** Exercise data follows **

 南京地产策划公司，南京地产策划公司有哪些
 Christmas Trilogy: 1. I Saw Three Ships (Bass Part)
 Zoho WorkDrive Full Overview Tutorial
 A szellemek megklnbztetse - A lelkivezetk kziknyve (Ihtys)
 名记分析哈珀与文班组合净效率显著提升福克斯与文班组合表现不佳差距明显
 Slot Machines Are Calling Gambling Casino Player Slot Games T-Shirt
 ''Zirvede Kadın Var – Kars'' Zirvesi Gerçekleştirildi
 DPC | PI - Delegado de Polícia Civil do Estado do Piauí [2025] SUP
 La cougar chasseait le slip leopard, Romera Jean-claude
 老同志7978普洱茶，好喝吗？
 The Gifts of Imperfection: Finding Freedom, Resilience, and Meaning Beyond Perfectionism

** End of Exercise data **
** Exercise data follows **

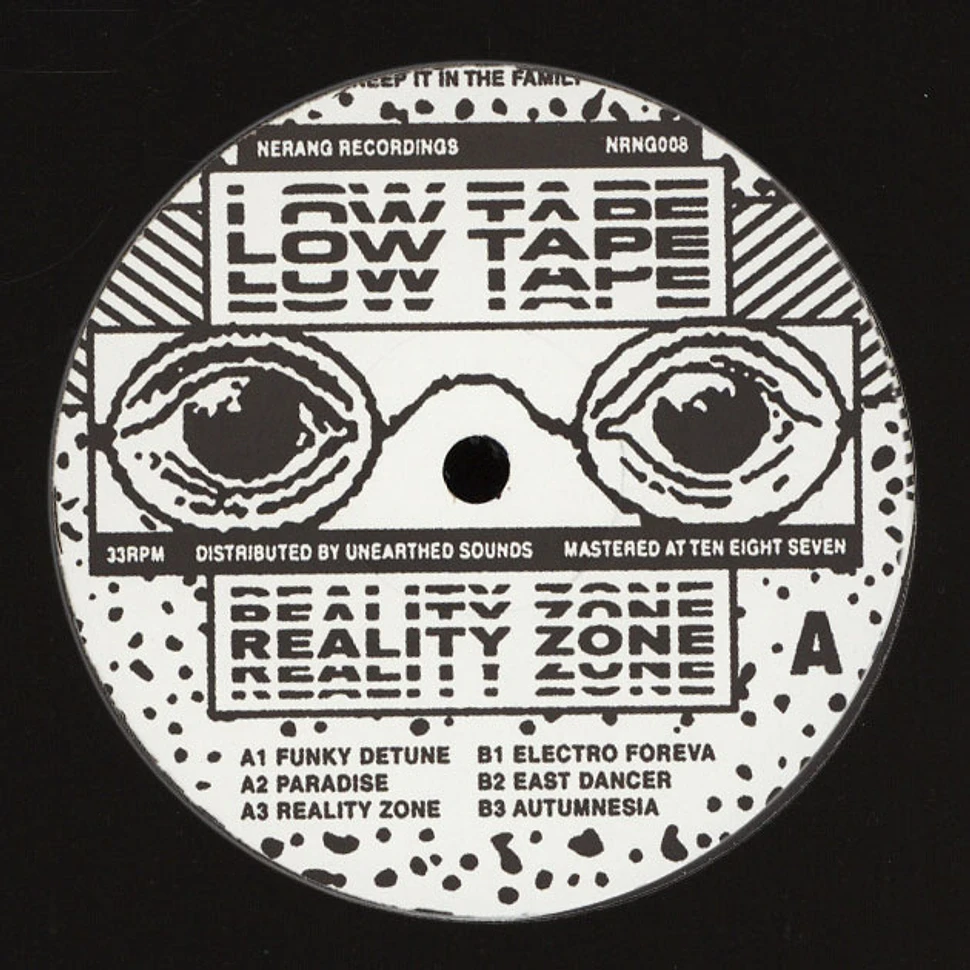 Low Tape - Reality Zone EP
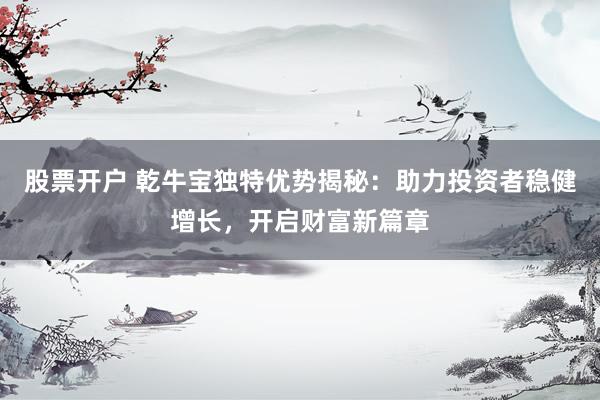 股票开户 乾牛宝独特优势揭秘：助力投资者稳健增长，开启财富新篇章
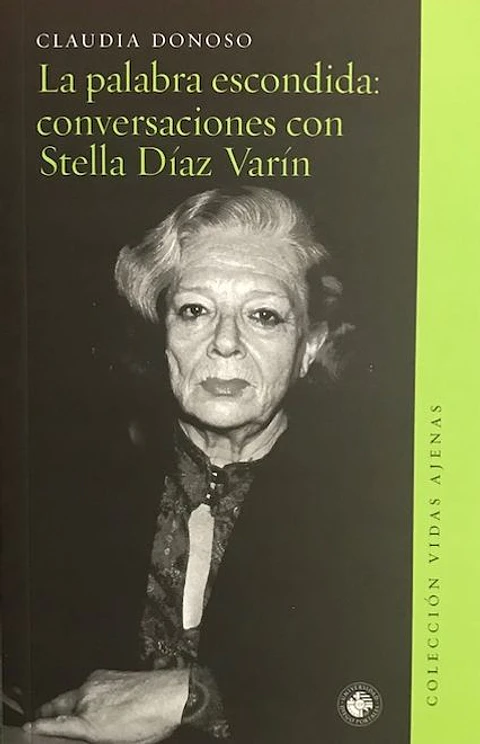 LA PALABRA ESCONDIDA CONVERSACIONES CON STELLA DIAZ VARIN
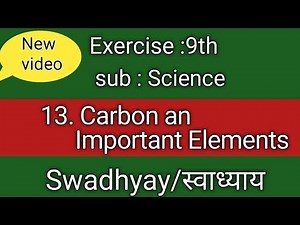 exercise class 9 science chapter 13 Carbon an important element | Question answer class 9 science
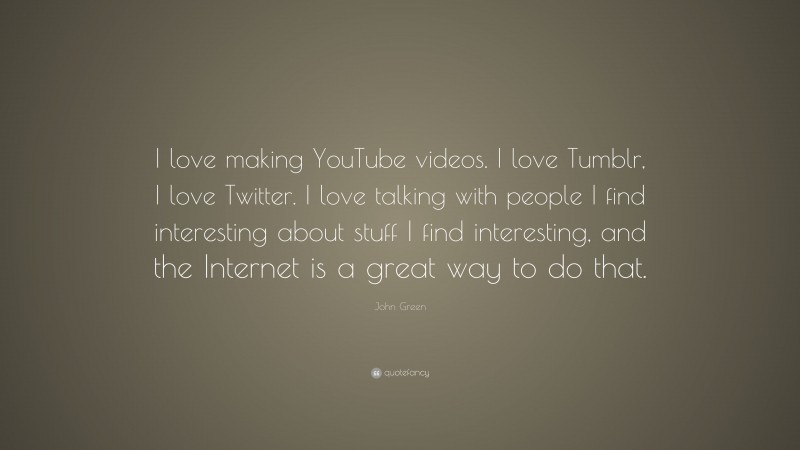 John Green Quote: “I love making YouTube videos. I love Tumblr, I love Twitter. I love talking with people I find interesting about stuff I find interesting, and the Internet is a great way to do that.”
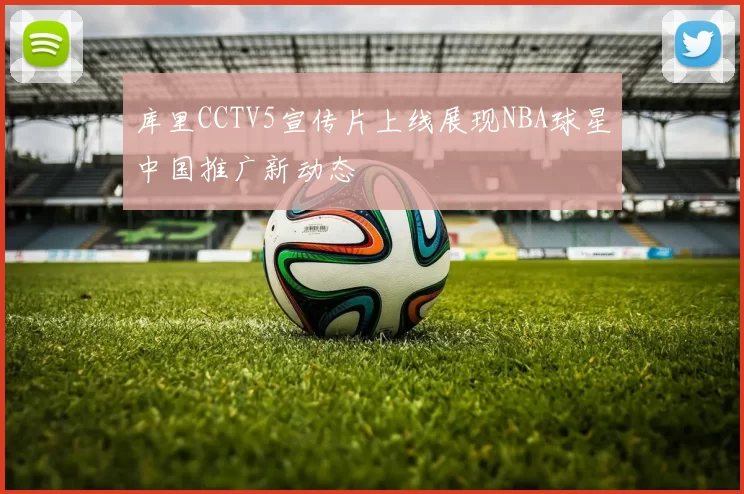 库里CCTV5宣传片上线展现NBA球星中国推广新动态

** End of Exercise data **

[Your assignment] Retype the records above, but only those lines that fall between the line containing "南京地产策划公司，南京地产策划公司有哪些" and the line containing "Slot Machines Are", with both of those lines included, exactly as written.

[Expected answer]
 南京地产策划公司，南京地产策划公司有哪些
 Christmas Trilogy: 1. I Saw Three Ships (Bass Part)
 Zoho WorkDrive Full Overview Tutorial
 A szellemek megklnbztetse - A lelkivezetk kziknyve (Ihtys)
 名记分析哈珀与文班组合净效率显著提升福克斯与文班组合表现不佳差距明显
 Slot Machines Are Calling Gambling Casino Player Slot Games T-Shirt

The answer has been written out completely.